Where the Conflict Really Lies: Science, Religion, and Naturalism
Christianity Today has a brief interview with philosopher Alvin Plantinga regarding his recent book entitled Where the Conflict Really Lies: Science, Religion, and Naturalism. The main points of the interview are:
- The alleged conflict between theistic religion and science is superficial.
- There is a deep harmony between theistic religion and science.
- Part of the reason there appears to be serious antagonism between theistic religion and science is because there are vocal advocates of warfare between the two. These people are wrong.
- Those who add naturalism to scientific theories such as evolution are doing so for non-scientific reasons.
- If we got here by unguided (i.e. no divine involvement) evolution, then there is no reason to trust that our minds can guide us to truth about evolution.
Regarding evolution, Plantinga states
In certain areas, the right word would be alleged conflict. For example, I argue that there’s no real conflict between evolutionary theory—that is, the scientific theory of evolution apart from any naturalistic spin—and what C. S. Lewis called “mere Christianity.” There’s no real conflict, even though conflict has been alleged by people on the Right as well as on the Left. Richard Dawkins, Daniel Dennett, and a host of others claim that there is outright conflict between evolutionary theory and belief in such a person as God, who has created and designed the living world. At the other end, there are Christian thinkers, too—like Phillip Johnson—who think there is irreconcilable conflict between the scientific theory of evolution and Christian belief.
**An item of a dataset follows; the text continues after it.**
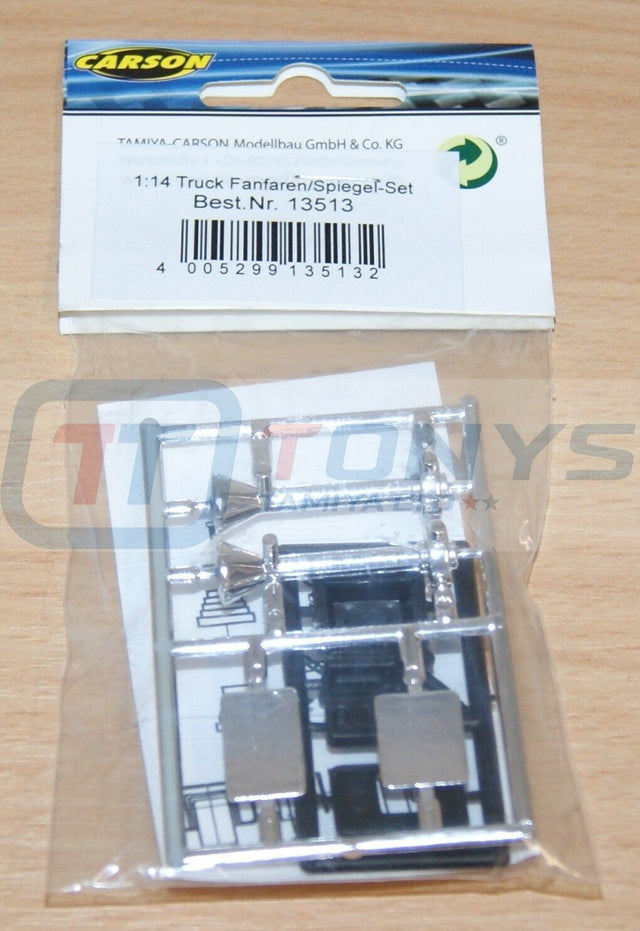 Carson 500013513/C013513 1:14 Truck Mirror & Horn Set (For Tamiya Trucks), NIP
But I don’t think there is. What current scientific evolutionary theory says is that the living world has come to be via a certain process of natural selection operating on some form of genetic variation. And it’s clear that God could have made the living world that way if he wanted to. What Christianity tells us, what theistic religion generally tells us, is that God has created the world and created human beings in his image. He could have done that through a variety of means. And that point goes all the way back to the 19th century. Some of the Princeton theologians—Charles Hodge, for example—said exactly that shortly after Darwin’s theory of evolution appeared. It’s not a new thought at all.
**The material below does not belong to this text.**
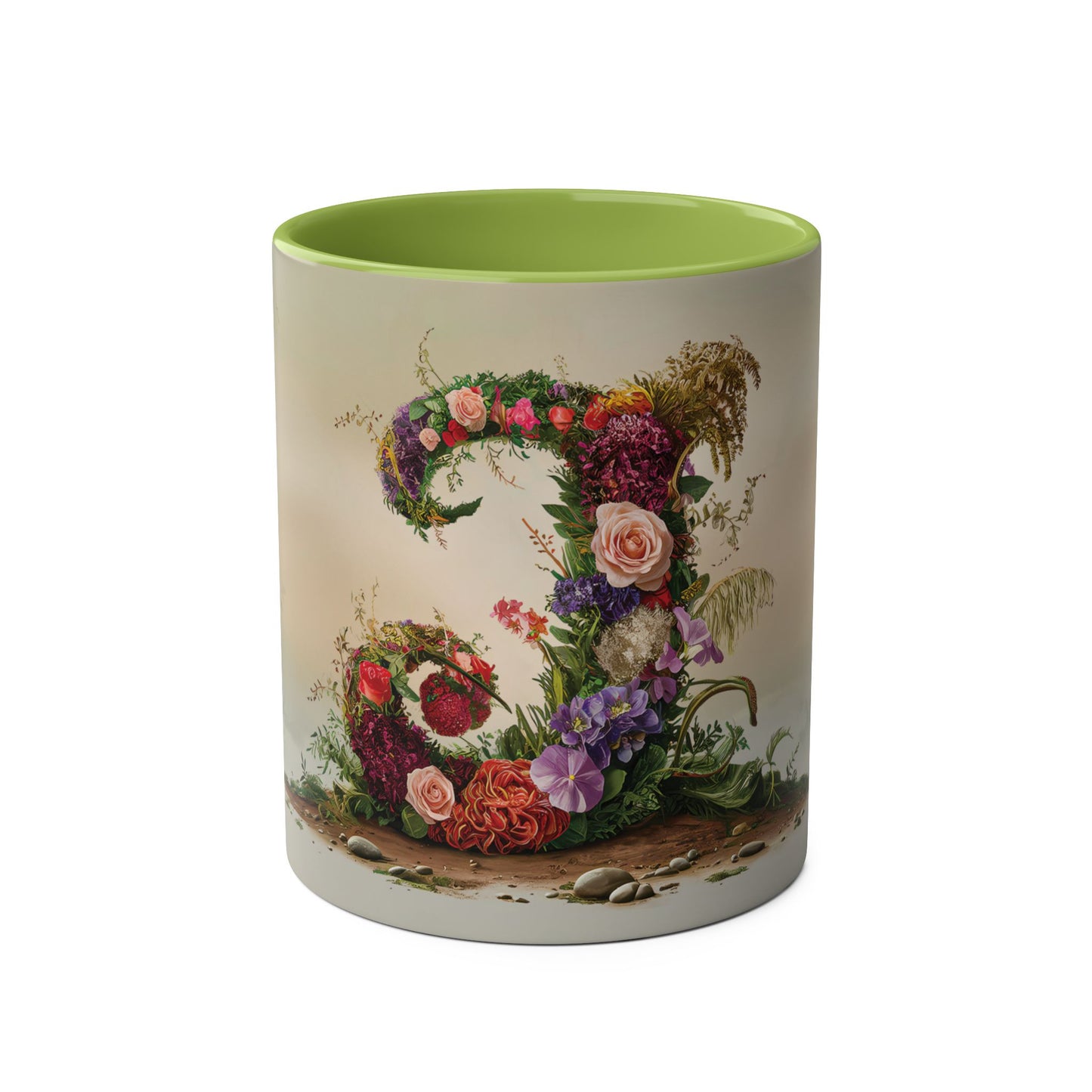 Floral Fantasy Two-Tone Ceramic Mug with Letter J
Despite what you hear from the loud voices on both sides—whether Richard Dawkins or Daniel Dennett for the atheists or Ken Ham, Hugh Ross, or Phillip Johnson for the Christian anti-evolutionists—the Bible does not say much, if anything, about biological evolution. The two main arguments—at least from the young-Earth side of Christianity—against evolution are that there could not have been any death before Adam’s fall into sin, and that animals were created to reproduce after their kinds. The Bible however does not teach that there was no animal death before the fall, and to take the statements about organisms reproducing after their kinds in Genesis 1 to mean that populations cannot vary over time is quite a hermeneutic stretch. On the other side, atheist extrapolations from “organisms have changed over time” to “there is no God” are downright silly.
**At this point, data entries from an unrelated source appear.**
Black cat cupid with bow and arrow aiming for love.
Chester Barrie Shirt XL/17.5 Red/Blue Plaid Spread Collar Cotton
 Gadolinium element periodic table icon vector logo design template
The conclusion a clear thinking person ought to make—and most scientists like to think of themselves as clear thinkers—is that one cannot rule out Christianity because of biological evolution or because of any other scientific theory. Those who have rejected Christianity because of evolution—or some other branch of science—have done so because of non-scientific additions to science, and are not being as rational as they have been led to believe.